What? Boggs-Bailey has a commercial corridor?
Yeah, that’s the issue: Seven commercial properties that line Boggs Avenue just before it becomes Bailey are all vacant, with a couple of vacant lots among them, and no potential redeveloper has done anything more than kick the tires, said Laura Guralnick, the neighborhood’s Community Development Corporation’s co-interim executive director.
The well-traveled portion of eastern Mount Washington is a target of the nonprofit’s housing and real estate plan. The CDC has $2,000 to reward the winning design in a competition to bring some attention to the blighted conditions.
The deadline is June 10, and the purse comes from the Pittsburgh Urban Leadership Service Experience, or PULSE, and Northwood Realty.
Neil Grbach is the PULSE fellow whose service with the CDC included coming up with the idea, and he is the point person for all design applicants, who can be design students or design professionals.

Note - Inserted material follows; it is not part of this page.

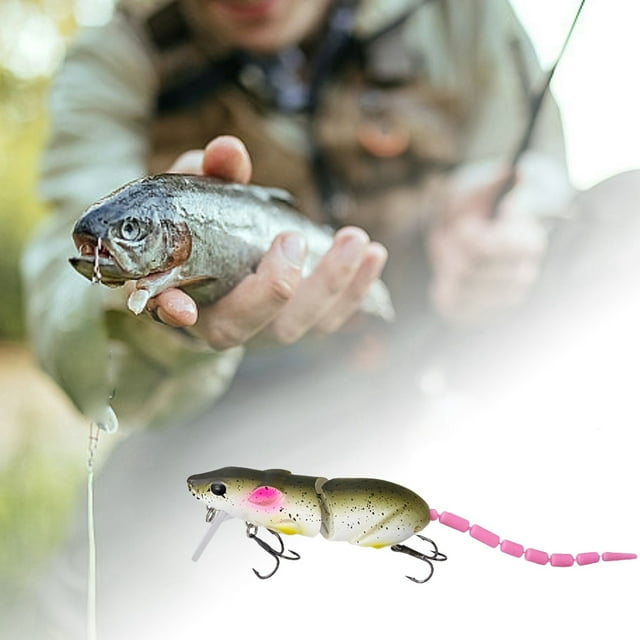 Riforla Leurres Réalistes 3D pour Truite et Poisson-Chat pour Eau Douce et Salée Appâts et Attracteurs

“We want something out of the box,” he said.
“We’d love to see some fantastic ideas,” Ms. Guralnick said.
The instructions to applicants include this provision: “Please do not worry about feasibility, affordability or zoning issues.”
The point is to get some serious creativity, even playfulness, to present to a larger audience, to start the wheels spinning on possibilities for the nearly 5-acre site.

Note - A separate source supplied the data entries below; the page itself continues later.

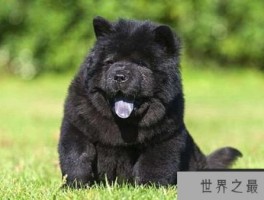 世界上最贵的狗排名 罗秦犬（售价8500美元）排第一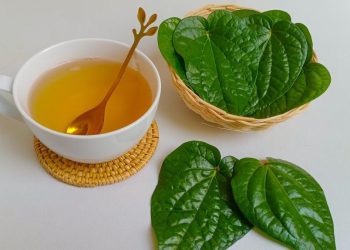 7 Manfaat Menakjubkan Air Rebusan Daun Sirih untuk Kesehatan dan Kecantikan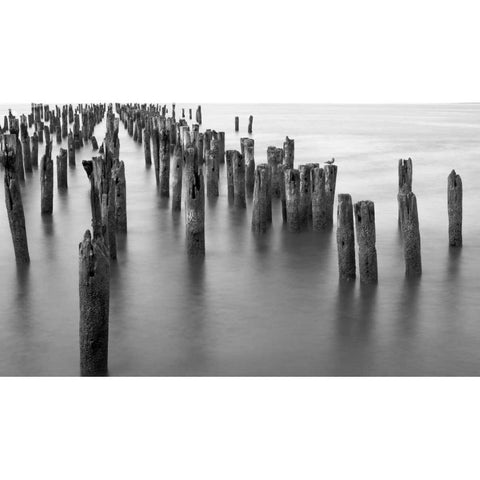 Hudson River Pilings White Modern Wood Framed Art Print by Bill Carson Photography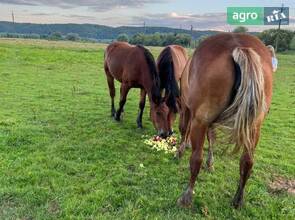  Хорошая спокойная кобыла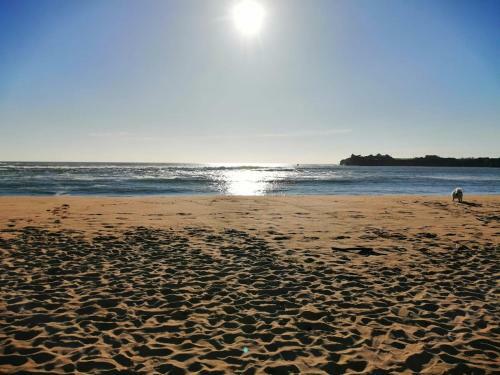 Apartamento Vue Sur Mer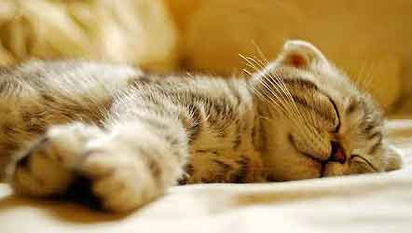 猫睡到床上对人有害吗,猫咪经常跑到床上睡觉，会不会传染疾病给人呢？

All the designs will be shown during the Next Three Days pop-up event in the neighborhood on June 17-19. Next Three Days is a festival the city funds to bring fresh eyes to select neighborhoods that most people don’t know. Mount Washington is sharing the event with Allentown, whose Warrington Avenue retail corridor is connected to Mount Washington via Beltzhoover Avenue, which connects to Bailey.

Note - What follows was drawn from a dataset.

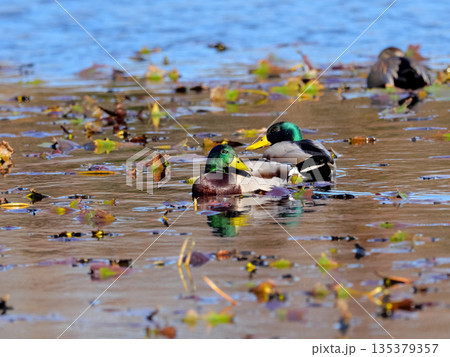 マガモ 135379357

It might seem odd to include Mount Washington in the cohort of little-known neighborhoods, but its millions of visitors rarely see much beyond the stunning views on Grandview Avenue and the retail on Shiloh Street, which is just four blocks long.
The rest of the neighborhood is a hodgepodge of wealthy, middle class, working class and poor, with dots of blight. Those dots are hard to redevelop because the cost-per-square-footage ratios of small spaces are high. The CDC fills that gap when it can cobble together enough to pick up a house here and there at treasurer’s sale and put it back together at cost or change.
The Boggs-Bailey site, which includes gently sloping and overgrown land, offers some scale for a profit-minded investor.
“We’ve pitched the area to a number of developers,” Ms. Guralnick said. “They can all see the value in its proximity to amenities, but it either hasn’t penciled out or there are too many other opportunities out there.”
Five property owners besides the CDC, which owns one vacant lot, are part of the conversation about packaging the site, said Greg Panza, an agent for Northwood Realty Services who was on staff at the CDC from 2005 to 2012.
“Our goal includes business and residential,” Ms. Guralnick said. “Revitalizing the Boggs-Bailey corridor was one of the recommendations of our 10-year plan for real estate strategy. This is an underserved part of the neighborhood,” but it is a 10-minute walk from the Mon Incline and a four-minute walk to Grandview Park.
“We want the success of Shiloh Street to draw up and around this corner. It is the midpoint between our business district and East Warrington [in Allentown], which is up and coming.”
CDCs all over the city see the importance of pulling success around corners, to make connections, even to blur neighborhood lines. Boggs-Bailey is a critical link for Mount Washington and for Allentown to both be stronger.
“The competition site is a strategic piece of property,” Mr. Grbach said, “maybe even one of the most strategic pieces of property Mount Washington has seen on the market in the last 10 years.”